--- EXERCISE DETAILS ---
Pick up at the line with "Enlarge Belle, an". Write it out exactly, along with each later line through the end of the data, and nothing more.

--- DATA SUPPLIED ---
------
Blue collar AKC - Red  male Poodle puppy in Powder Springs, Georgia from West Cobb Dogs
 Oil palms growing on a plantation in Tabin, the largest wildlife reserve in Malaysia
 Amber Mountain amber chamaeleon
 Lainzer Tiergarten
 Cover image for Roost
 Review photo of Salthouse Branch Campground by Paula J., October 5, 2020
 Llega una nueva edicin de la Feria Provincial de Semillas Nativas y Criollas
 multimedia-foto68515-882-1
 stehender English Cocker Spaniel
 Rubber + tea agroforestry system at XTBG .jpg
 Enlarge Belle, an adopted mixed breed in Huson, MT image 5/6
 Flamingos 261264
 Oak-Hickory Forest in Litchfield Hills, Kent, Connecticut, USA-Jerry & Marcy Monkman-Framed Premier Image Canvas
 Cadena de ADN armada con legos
------
--- RESULT OF THIS EXERCISE ---
 Enlarge Belle, an adopted mixed breed in Huson, MT image 5/6
 Flamingos 261264
 Oak-Hickory Forest in Litchfield Hills, Kent, Connecticut, USA-Jerry & Marcy Monkman-Framed Premier Image Canvas
 Cadena de ADN armada con legos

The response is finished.